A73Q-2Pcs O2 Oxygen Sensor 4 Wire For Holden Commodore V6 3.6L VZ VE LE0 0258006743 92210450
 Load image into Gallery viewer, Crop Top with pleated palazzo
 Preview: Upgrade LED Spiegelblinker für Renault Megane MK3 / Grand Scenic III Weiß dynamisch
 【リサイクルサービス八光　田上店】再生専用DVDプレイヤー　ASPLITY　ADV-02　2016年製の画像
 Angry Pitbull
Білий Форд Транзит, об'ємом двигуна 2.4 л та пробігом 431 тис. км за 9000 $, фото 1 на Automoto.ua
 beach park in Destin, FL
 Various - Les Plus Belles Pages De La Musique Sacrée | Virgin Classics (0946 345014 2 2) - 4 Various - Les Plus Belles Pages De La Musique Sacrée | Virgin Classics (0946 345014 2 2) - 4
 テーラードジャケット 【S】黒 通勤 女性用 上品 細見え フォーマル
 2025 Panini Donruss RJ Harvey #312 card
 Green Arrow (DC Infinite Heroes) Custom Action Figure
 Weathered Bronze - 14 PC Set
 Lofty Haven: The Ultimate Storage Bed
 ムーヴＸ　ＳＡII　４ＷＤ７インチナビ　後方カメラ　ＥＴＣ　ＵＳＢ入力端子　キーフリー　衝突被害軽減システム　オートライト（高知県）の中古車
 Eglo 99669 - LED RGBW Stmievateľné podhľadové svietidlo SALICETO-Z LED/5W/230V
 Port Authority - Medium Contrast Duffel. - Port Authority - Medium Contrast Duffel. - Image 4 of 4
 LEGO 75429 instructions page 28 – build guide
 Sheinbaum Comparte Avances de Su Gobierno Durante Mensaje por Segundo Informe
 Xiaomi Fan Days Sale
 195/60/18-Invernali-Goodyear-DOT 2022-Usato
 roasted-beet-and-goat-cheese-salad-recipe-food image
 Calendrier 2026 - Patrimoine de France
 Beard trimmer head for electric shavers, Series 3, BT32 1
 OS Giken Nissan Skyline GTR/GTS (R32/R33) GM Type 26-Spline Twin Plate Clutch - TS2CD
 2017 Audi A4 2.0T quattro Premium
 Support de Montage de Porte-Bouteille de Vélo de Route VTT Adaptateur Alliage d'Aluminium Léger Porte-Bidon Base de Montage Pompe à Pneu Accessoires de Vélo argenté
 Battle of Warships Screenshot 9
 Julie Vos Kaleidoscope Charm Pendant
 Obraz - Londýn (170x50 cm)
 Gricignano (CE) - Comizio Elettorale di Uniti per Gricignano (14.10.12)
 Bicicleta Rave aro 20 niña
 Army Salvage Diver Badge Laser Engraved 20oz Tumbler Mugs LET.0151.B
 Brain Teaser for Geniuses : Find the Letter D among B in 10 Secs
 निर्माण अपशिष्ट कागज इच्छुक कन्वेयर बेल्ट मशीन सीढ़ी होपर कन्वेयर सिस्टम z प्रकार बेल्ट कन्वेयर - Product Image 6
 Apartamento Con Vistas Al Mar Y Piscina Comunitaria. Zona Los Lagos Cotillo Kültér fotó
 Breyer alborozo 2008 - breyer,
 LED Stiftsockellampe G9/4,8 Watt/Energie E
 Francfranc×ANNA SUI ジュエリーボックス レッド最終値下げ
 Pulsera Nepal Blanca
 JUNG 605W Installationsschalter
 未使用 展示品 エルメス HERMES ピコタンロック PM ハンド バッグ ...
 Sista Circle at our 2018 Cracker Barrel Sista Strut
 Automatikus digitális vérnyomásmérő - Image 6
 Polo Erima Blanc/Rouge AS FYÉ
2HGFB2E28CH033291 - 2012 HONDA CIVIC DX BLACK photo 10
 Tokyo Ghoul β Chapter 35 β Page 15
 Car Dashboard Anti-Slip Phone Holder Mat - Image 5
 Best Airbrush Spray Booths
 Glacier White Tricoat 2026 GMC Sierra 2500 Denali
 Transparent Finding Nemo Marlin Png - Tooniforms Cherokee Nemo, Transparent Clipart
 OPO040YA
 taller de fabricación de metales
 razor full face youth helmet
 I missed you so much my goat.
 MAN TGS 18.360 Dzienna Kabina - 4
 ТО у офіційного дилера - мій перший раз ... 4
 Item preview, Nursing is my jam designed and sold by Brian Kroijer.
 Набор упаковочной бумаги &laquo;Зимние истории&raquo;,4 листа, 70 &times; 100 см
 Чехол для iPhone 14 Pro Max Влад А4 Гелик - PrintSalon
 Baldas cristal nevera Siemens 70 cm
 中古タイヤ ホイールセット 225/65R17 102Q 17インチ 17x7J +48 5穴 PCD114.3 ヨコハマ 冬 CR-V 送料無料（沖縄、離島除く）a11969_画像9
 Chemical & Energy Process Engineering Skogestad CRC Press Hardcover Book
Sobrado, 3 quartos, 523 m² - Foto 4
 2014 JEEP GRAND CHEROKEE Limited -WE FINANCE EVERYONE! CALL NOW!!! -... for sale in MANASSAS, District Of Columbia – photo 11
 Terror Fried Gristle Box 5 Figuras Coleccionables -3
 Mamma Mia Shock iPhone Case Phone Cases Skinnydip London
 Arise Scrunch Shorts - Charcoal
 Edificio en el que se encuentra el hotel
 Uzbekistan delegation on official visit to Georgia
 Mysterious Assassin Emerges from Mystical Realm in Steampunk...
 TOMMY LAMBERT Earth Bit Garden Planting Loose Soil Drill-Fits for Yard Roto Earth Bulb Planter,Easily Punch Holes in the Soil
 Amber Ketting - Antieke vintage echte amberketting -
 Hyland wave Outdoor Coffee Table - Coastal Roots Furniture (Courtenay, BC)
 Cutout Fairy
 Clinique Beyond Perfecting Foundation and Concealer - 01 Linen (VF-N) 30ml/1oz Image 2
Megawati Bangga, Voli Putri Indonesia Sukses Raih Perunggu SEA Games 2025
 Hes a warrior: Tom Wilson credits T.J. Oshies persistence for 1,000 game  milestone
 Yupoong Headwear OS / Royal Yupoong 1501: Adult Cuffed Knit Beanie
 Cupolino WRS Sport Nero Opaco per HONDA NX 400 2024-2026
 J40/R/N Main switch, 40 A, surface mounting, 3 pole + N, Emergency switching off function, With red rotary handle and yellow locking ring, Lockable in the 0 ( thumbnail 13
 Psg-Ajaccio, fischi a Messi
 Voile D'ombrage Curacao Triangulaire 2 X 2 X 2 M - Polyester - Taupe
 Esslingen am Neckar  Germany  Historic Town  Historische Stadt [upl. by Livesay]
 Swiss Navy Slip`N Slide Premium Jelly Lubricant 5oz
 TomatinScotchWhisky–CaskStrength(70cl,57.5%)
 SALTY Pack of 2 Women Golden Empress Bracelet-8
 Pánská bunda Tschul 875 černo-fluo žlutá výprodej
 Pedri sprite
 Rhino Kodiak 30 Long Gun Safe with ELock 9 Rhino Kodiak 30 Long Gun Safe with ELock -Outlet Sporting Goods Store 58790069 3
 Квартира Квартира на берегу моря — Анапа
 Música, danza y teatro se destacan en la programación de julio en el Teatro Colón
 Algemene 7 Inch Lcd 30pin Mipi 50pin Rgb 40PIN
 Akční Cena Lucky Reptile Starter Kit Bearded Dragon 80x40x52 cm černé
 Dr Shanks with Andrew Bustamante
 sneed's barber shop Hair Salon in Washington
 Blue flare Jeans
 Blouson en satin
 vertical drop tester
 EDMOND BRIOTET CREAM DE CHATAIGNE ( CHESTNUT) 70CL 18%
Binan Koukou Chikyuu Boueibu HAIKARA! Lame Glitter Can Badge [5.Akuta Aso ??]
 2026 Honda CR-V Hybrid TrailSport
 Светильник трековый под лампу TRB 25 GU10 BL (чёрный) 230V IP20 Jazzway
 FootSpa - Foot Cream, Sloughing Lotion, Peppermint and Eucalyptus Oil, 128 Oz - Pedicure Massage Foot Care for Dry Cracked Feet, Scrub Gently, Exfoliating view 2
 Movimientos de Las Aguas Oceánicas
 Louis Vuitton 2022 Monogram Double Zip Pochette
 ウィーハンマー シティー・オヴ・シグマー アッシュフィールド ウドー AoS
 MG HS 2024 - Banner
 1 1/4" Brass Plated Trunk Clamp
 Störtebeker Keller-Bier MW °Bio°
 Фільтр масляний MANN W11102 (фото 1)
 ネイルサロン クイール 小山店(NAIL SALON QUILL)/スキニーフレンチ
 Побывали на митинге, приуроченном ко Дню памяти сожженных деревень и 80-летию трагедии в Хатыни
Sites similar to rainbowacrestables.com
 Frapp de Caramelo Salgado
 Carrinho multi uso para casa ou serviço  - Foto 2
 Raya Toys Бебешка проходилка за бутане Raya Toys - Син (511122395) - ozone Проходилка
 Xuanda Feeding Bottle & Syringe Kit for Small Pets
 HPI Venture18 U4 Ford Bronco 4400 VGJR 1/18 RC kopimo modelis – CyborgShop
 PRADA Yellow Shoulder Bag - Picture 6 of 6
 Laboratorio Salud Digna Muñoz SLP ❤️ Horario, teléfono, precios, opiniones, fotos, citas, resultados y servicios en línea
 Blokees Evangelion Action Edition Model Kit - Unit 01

_ _ _ _ _ _ _

◆ **WHAT TO WORK ON**: Go to the line in the material above that contains "Sheinbaum Comparte Avances" and copy exactly from there through the line that contains "2017 Audi A4 2.0T quattro Premium", stopping after it.

◆ **SOLUTION BELOW**:
 Sheinbaum Comparte Avances de Su Gobierno Durante Mensaje por Segundo Informe
 Xiaomi Fan Days Sale
 195/60/18-Invernali-Goodyear-DOT 2022-Usato
 roasted-beet-and-goat-cheese-salad-recipe-food image
 Calendrier 2026 - Patrimoine de France
 Beard trimmer head for electric shavers, Series 3, BT32 1
 OS Giken Nissan Skyline GTR/GTS (R32/R33) GM Type 26-Spline Twin Plate Clutch - TS2CD
 2017 Audi A4 2.0T quattro Premium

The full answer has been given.